Il estime que tout le conseil a souffert d’une image ternie en raison des derniers quatre ans, et cela s’est répercuté sur leurs chances d’être réélus. Mais il ne désespère pas quant à l’avenir de la ville. «Nous avons de très bonnes personnes au conseil, parmi les nouveaux élus, et bravo à eux. Soyez prêts à travailler fort!» Puis il a confiance au personnel qui les appuiera. «Nous avons un bon administrateur et une bonne équipe et je sais qu’ils feront ce qu’il faut. Le conseil est là pour donner une vision directrice, et c’est ce qui se passera.»
Quant à lui, il prendra du recul pour refaire le plein d’énergie, puis il se consacrera à autre chose que la politique. «J’ai assez goûté à la politique, et en fin de compte je me sens soulagé.
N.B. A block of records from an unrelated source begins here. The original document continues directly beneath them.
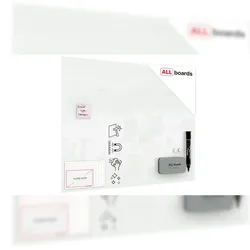 ALLboards Glasboard 100x80 cm, CLASSIC WHITE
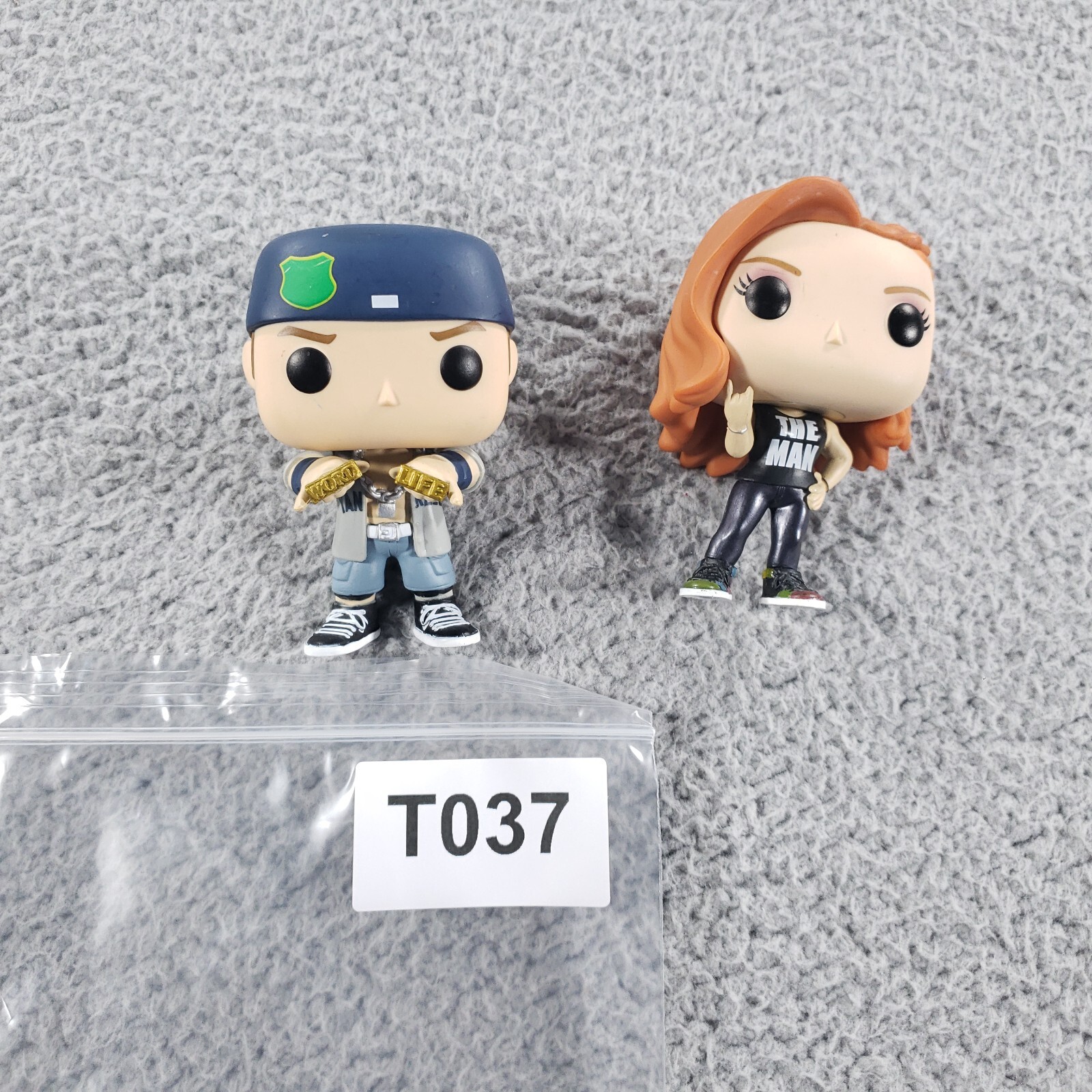 Funko Pop! WWE John Cena Becky Lynch Lot Of 2 Loose Vynil Figures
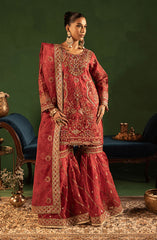 Tabeer Luxury Formal Collection By Diara Couture D-UA-02 MAROON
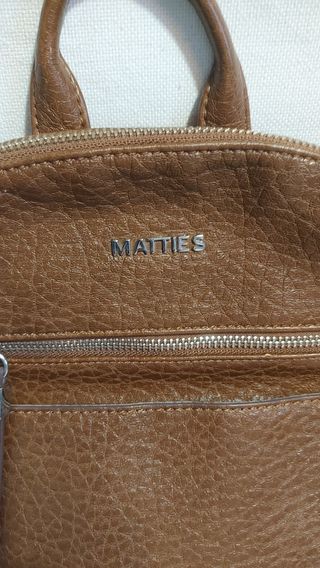 Mochila Matties de cuero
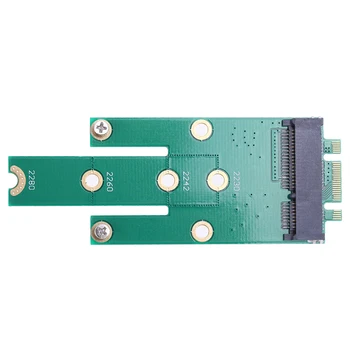 NGFF M. 2 B + M Klavišą mSATA Mini PCI-E, SATA 3.0 SSD Vyrų Konverteris Kortelės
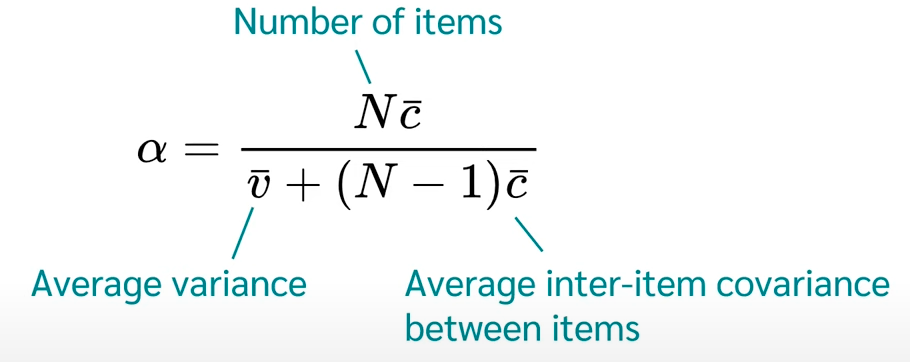 Formel for cronbachs alpha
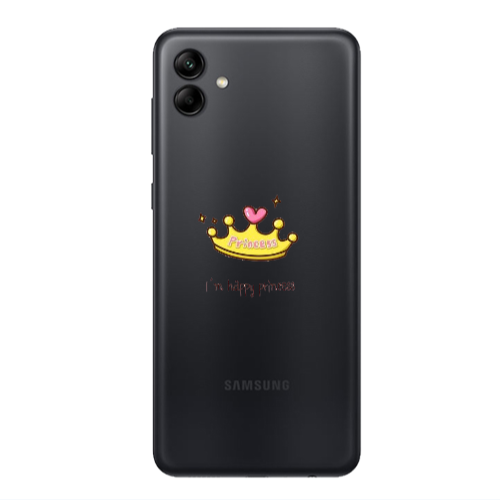 Samsung A04 Happy princess Transparent Silicone TPU Θήκη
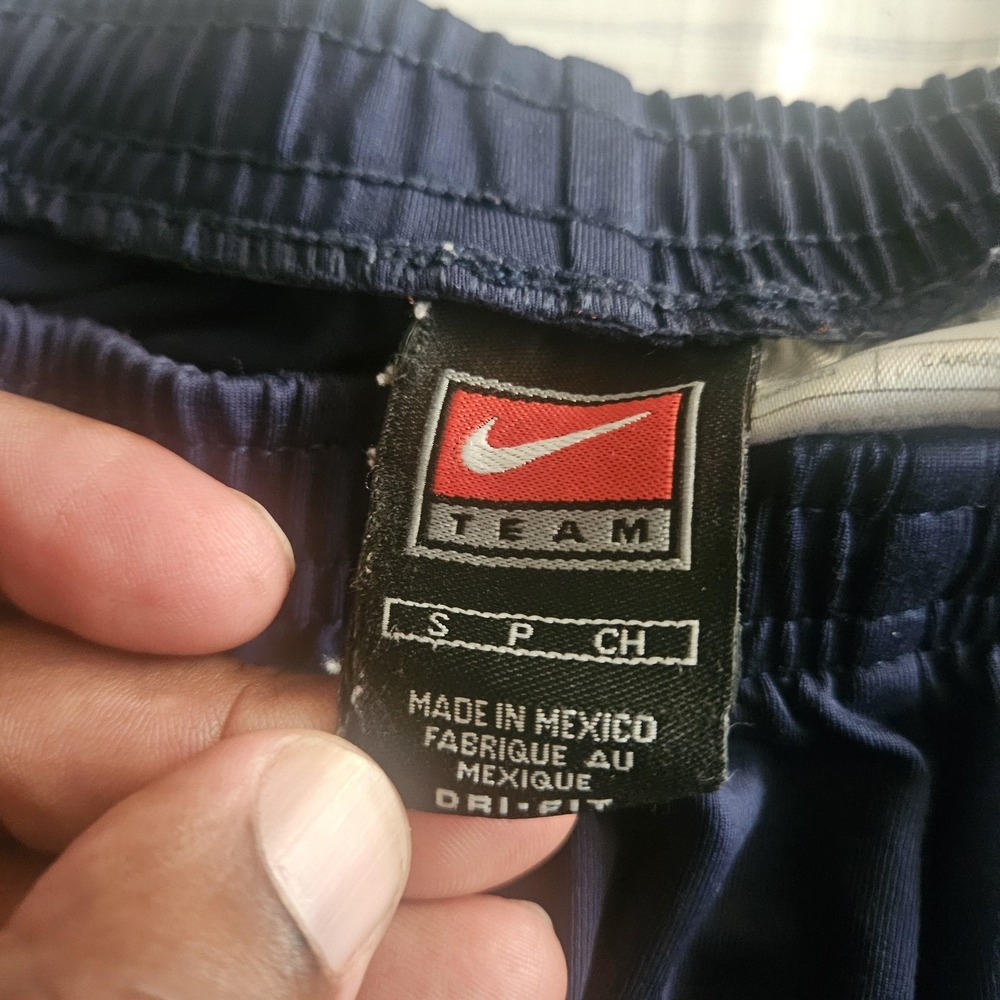 Nike Shorts Mens Small‎ Navy Blue Dri-FIT Team Athletic Mesh Pockets Training - Picture 5 of 6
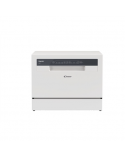 Candy | Dishwasher | CP 6E51LW | Table | Width 55 cm | Number of place settings 6 | Number of programs 5 | Energy efficiency class E | White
Le soleil s’est levé et c’est une belle journée aujourd’hui (…) Je veux voir la communauté avancer parce que je crois fermement que c’est une communauté merveilleuse.»
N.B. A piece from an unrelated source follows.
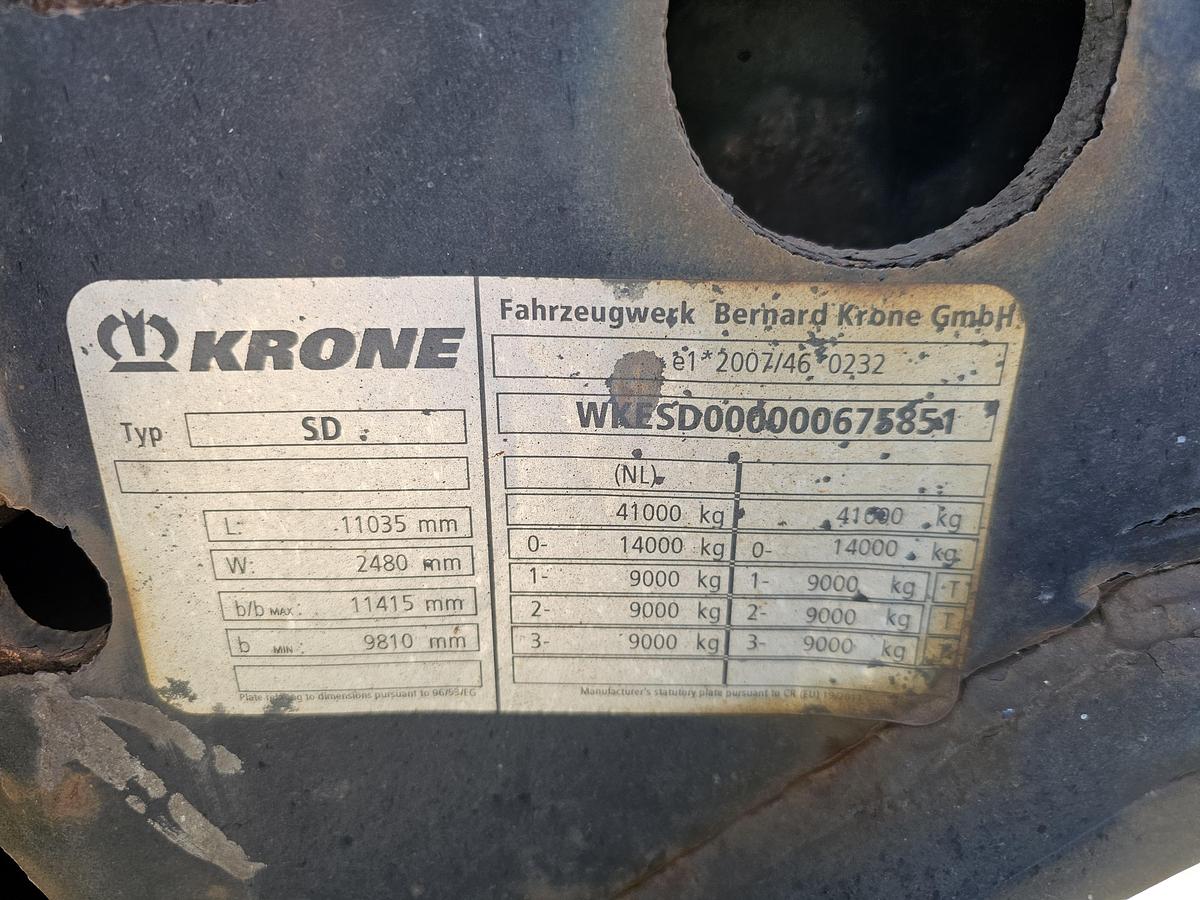 Gebruikt 2015 krone SD| EXTENDIBLE CHASSIS 40 FT 2 X 20 FT | BPW DRUM| APK 18-07-2026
Pour garder cet état d’esprit sain, cependant, il a décidé d’éviter les réseaux sociaux, qu’il qualifie de toxiques. «Je vais supprimer ma page Facebook à midi, et même ma page personnelle, je ne veux même plus être sur Facebook,» dit-il, affirmant que cette plateforme a été utilisée pour empoisonner la campagne de rhétorique haineuse.
Huit nouveaux conseillers
La plupart des nouveaux élus n’ont pas d’expérience politique, sauf le nouveau conseiller du quartier 1, Kris Rivard, qui a fait deux campagnes provinciales sous la bannière du parti Vert, et le représentant du quartier 4, Jamie Restoule, qui regagne son poste au conseil après une défaite contre M. Roveda en 2018.
M. Rivard a récolté 81% des votes (768) du quartier 1 contre son rival Réjean Venne, avec seulement 19% (176). M. Restoule a reçu un mandat fort également, avec 78% (868 votes) contre le candidat Robert Burey avec 22% (243).
Dans les quartiers 2, 3 et 7, les victoires étaient aussi très convaincantes. Roch St-Louis a remporté le quartier 2 avec 70% des voix (909), contre Christine Riberdy avec 30% (386). Dans le quartier 3, 75% (711) des électeurs ont opté pour Daniel Gagné, contre 25% (241) pour Denis Sabourin. À Verner, le conseiller actuel Normand Roberge a récolté seulement 27% des votes, cédant sa place à Fernand Pellerin qui en a pris 73% (445).
Les courses étaient plus serrées dans les quartiers 5 (Field et environs) et 6 (River Valley et environs). Kaitlynn Nicol a devancé de justesse le conseiller actuel Chris Fisher, avec 45% (234) des votes contre 43% (222). Loin derrière, la troisième candidate Sue Desgroseilliers a reçu 64 votes (12%). Dans le quartier 6, le conseiller de longue date Roland Larabie a reçu 43% (295) des votes, perdant contre sa rivale Anne Tessier avec 57% (388).
Il n’y avait pas de courses dans le quartier 8, où Jérôme Courchesne a été acclamé. Cela explique sûrement le faible taux de participation dans ce quartier incluant Lavigne, où seulement 27% des électeurs admissibles ont voté.
La participation était faible aussi dans le quartier 5, à seulement 37%, alors qu’elle tournait entre 44% (quartier 6) et 59% (quartier 7) dans les autres quartiers électoraux.